3.3 Ward’s Minimus Variance Clustering Based on the linear model criterion of least squares. method = “ward”

4,解释聚类结果

Cophenetic Correlation 表型相关，the distance where the two objects become
members of the same group.

聚类的case是每一行的名称，如果是直接在excel里读取的话，存成csv格式，用read.csv(“testdata.csv”, row.names=1)读取，里面数据均参与计算相似系数矩阵。

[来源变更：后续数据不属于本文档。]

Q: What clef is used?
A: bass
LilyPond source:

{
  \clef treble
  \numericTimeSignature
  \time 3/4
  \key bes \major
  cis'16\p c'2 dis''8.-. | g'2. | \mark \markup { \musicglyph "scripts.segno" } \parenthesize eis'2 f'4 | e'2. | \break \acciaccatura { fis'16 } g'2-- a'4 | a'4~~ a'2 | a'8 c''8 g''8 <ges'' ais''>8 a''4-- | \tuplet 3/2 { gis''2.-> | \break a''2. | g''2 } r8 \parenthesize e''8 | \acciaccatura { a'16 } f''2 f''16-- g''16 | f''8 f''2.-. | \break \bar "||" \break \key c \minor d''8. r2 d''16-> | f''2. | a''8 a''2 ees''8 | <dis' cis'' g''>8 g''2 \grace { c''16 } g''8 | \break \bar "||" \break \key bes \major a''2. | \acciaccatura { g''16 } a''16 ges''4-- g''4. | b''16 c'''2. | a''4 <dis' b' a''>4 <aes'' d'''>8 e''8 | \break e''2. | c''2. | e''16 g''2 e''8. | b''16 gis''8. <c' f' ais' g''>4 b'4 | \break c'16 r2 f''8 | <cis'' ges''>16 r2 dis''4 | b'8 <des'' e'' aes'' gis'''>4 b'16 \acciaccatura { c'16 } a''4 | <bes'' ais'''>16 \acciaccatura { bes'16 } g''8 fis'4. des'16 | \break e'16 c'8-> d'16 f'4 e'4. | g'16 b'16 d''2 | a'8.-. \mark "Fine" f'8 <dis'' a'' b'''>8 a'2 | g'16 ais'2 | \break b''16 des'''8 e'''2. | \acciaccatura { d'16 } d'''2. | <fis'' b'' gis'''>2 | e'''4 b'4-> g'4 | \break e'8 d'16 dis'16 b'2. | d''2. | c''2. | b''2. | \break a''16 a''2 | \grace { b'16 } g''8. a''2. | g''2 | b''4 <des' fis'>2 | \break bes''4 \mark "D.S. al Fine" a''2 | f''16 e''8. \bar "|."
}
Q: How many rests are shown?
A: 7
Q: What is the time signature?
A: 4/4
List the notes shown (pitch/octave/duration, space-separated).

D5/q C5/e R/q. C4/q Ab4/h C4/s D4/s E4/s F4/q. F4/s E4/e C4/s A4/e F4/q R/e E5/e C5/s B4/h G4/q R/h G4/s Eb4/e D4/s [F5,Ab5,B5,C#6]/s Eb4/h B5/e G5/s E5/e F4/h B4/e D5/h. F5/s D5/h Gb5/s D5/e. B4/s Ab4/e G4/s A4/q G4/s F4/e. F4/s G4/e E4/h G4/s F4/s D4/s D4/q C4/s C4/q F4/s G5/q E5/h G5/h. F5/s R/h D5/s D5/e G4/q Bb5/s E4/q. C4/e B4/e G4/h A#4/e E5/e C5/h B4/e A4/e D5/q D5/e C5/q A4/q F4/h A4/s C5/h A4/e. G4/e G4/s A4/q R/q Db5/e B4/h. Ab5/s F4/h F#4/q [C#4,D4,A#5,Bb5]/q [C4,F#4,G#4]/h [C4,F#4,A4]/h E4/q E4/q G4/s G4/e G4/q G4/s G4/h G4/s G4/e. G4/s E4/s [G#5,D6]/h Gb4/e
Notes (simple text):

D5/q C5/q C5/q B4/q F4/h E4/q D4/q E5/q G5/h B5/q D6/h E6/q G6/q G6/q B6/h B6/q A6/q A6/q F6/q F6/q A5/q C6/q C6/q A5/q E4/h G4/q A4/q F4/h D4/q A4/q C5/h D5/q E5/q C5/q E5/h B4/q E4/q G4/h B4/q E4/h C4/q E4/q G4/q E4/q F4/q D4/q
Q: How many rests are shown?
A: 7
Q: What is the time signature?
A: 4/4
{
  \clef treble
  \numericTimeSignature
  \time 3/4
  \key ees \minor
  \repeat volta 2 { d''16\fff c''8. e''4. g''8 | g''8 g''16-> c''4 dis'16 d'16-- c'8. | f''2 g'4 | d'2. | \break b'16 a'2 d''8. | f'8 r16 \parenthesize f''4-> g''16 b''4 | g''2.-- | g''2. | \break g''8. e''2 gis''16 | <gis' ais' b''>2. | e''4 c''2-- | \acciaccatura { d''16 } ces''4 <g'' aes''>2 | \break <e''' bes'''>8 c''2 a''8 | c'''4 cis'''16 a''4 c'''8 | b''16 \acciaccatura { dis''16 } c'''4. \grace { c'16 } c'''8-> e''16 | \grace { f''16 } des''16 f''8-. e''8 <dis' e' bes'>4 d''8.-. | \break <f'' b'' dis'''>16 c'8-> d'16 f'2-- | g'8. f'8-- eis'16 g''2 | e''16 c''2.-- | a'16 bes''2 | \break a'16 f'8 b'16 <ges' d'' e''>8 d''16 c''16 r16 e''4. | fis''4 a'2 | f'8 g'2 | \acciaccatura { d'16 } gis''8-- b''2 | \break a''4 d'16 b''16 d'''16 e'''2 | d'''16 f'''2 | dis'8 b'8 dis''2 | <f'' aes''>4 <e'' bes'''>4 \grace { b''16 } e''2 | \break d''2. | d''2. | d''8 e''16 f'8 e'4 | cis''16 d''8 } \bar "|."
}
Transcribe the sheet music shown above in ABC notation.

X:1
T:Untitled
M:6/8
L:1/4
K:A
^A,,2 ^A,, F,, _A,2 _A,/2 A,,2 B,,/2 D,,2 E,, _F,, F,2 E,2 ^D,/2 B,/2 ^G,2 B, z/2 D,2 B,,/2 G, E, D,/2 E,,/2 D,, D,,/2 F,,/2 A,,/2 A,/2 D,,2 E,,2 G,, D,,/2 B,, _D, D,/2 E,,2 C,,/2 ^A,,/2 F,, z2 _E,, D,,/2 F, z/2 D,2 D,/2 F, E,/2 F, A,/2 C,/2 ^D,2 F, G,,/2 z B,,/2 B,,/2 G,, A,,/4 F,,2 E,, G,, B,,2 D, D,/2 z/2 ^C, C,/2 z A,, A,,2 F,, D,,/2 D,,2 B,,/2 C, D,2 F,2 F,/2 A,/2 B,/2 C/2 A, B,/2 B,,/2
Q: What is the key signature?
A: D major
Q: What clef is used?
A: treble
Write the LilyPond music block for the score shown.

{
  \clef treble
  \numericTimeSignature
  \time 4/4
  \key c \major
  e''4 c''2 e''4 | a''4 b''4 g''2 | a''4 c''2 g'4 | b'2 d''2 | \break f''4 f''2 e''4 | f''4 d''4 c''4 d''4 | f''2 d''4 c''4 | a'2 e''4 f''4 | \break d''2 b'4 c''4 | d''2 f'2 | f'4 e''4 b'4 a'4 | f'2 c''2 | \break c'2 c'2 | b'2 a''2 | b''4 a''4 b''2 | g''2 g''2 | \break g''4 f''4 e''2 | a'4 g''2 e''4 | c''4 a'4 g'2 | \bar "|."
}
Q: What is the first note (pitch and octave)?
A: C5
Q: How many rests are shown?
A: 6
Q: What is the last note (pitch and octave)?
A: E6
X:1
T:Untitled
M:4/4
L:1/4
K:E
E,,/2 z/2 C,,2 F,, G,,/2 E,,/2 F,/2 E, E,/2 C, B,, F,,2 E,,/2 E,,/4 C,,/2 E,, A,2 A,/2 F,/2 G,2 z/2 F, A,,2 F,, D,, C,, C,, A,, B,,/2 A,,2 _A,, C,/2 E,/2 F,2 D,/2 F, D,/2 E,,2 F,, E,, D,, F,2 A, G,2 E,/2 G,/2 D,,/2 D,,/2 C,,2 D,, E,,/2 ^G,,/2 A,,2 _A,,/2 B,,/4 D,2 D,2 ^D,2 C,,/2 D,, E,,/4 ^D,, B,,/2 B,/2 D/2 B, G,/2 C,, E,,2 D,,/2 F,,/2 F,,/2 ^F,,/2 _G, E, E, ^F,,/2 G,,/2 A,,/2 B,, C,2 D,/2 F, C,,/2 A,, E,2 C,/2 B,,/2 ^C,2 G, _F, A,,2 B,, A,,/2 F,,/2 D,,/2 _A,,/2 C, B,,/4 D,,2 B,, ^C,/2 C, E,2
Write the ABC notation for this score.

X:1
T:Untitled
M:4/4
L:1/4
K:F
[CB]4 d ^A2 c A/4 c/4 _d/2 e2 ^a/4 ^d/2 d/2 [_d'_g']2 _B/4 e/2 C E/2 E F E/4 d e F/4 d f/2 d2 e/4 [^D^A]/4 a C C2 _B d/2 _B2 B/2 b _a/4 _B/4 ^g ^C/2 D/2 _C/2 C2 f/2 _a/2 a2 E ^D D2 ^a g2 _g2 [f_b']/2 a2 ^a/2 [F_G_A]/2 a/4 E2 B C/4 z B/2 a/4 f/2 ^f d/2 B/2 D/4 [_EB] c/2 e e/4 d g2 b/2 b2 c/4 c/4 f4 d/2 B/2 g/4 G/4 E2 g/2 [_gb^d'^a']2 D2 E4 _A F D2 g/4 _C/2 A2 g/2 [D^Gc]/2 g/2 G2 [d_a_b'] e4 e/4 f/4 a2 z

目前觉得single方法是最合适的，是最近相邻法聚类，能够较好的把不同类别的品种分为多类。

4.2 聚类作图

dis.kenli.high = vegdist(decostand(kenli.high.mean, "normalize"), "euc")
dis.kenli.med = vegdist(decostand(kenli.med.mean, "normalize"), "euc")
dis.kenli.low = vegdist(decostand(kenli.low.mean, "normalize"), "euc")

kenli.high.single = hclust(dis.kenli.high, method = "single")
kenli.med.single = hclust(dis.kenli.med, method = "single")
kenli.low.single = hclust(dis.kenli.low, method = "single")

plot(kenli.high.single)

plot(kenli.med.single)

plot(kenli.low.single)

5 小结

树高、胸径、冠幅有时候并不完全一致，使用PCA能从整体的角度找到优良品种；聚类可以直观把这些品种分成不同的团伙。
数据整理过程中，对r语言不熟悉的话，不如用数据透视表快。
以上分析为了试试用blogdown写博客并用hugo挂网上，检验图能出现，格式正确。
真是太方便了，R分析，网站表达，直接打通了。